Where the records below begin, start copying, and stop after the line that contains "Keeping the accessories"; reproduce every line exactly but omit pictures.
=== DATA FOR THE TASK ===
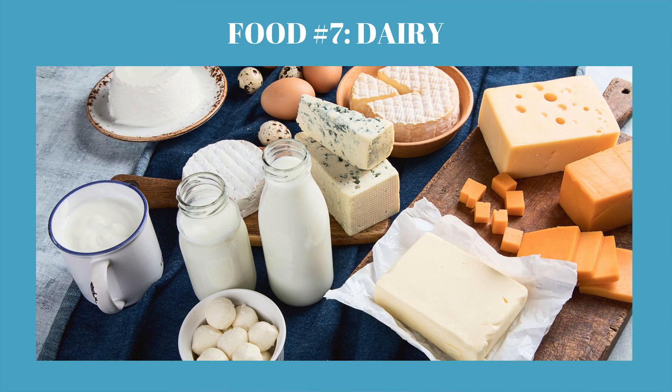Number seven would be dairy. Just like with gluten and wheat, dairy is not always a trigger for joint pain for everyone, but it's worth a try — if you're having joint pain and arthritis pain — to eliminate dairy for 21 days as well. You could do it at the same time you eliminate gluten, or you could do them progressively to get more information. It takes longer, but it can help you really key into what might be triggering your joint pain and inflammation. Those are your seven foods to avoid when you're having joint pain and inflammation.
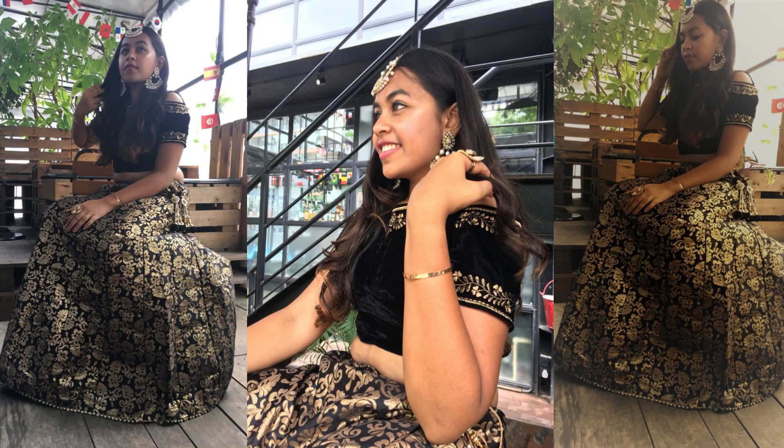Keeping the accessories the same for the reception outfit, we thought of westernizing it a little. We decided to go with a classy black velvet blouse with cold shoulders, which is very much in trend these days. For the lehenga, we decided to go with a golden black lehenga with broken work on it. And I have to tell you guys, it turned out to be stunning.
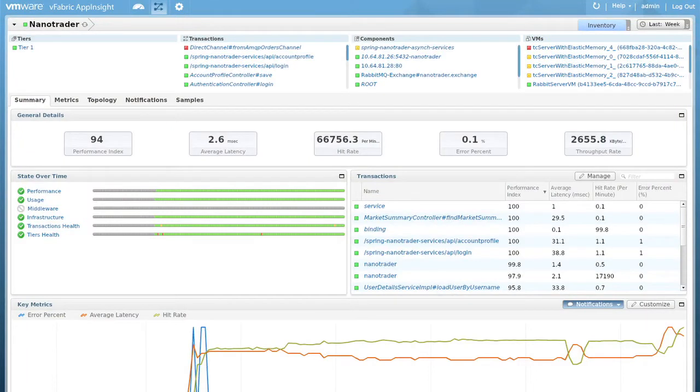vFabric Application Performance Manager simplifies the performance monitoring and management of your web and custom applications. The next-generation application operations dashboard can automatically model transactions across all application tiers, providing you with the real-time visibility and control needed to manage your SLAs.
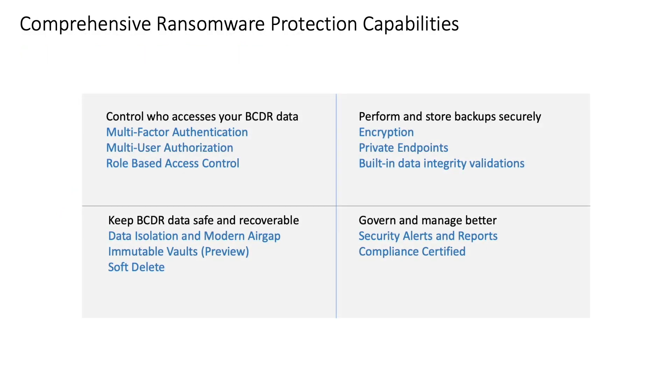Azure Backup provides a variety of out-of-the-box security capabilities to help you protect from all of these threats systematically and effectively. Here's a quick view of how it helps: by giving you more control on who can access your BCDR data and who can perform operations on it, by giving you options to perform backups securely, and by helping you make sure that your backup data is kept away from production workloads. Backup can also help you govern better with built-in alerting and reporting and meet your compliance requirements effectively. Now let's dive into some of these features.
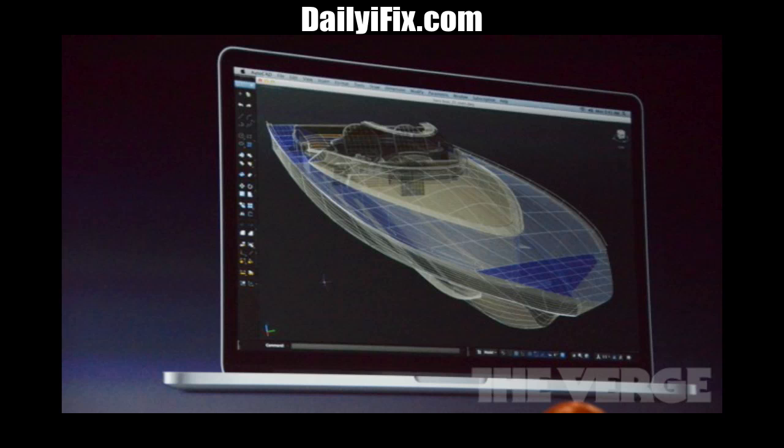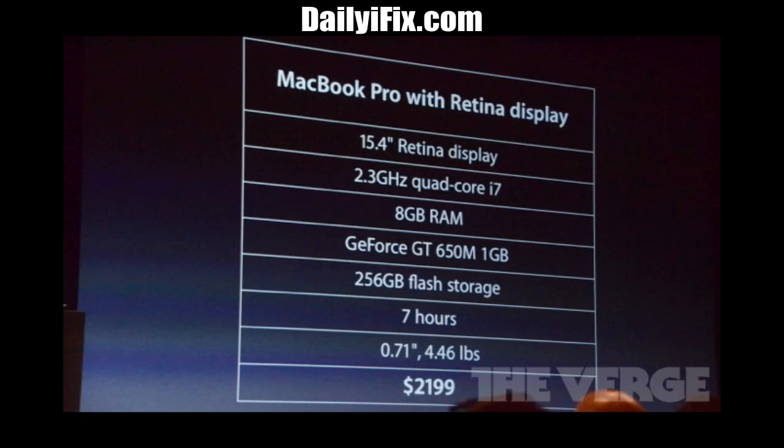Of course it is thinner — it's thinner than a finger. It only weighs 4.5 pounds and they were actually comparing it to the MacBook Air. It's the same size as the MacBook Air in terms of height, width, and thickness, which is incredible.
===
RESULT FOR THIS TASK —
Number seven would be dairy. Just like with gluten and wheat, dairy is not always a trigger for joint pain for everyone, but it's worth a try — if you're having joint pain and arthritis pain — to eliminate dairy for 21 days as well. You could do it at the same time you eliminate gluten, or you could do them progressively to get more information. It takes longer, but it can help you really key into what might be triggering your joint pain and inflammation. Those are your seven foods to avoid when you're having joint pain and inflammation.
Keeping the accessories the same for the reception outfit, we thought of westernizing it a little. We decided to go with a classy black velvet blouse with cold shoulders, which is very much in trend these days. For the lehenga, we decided to go with a golden black lehenga with broken work on it. And I have to tell you guys, it turned out to be stunning.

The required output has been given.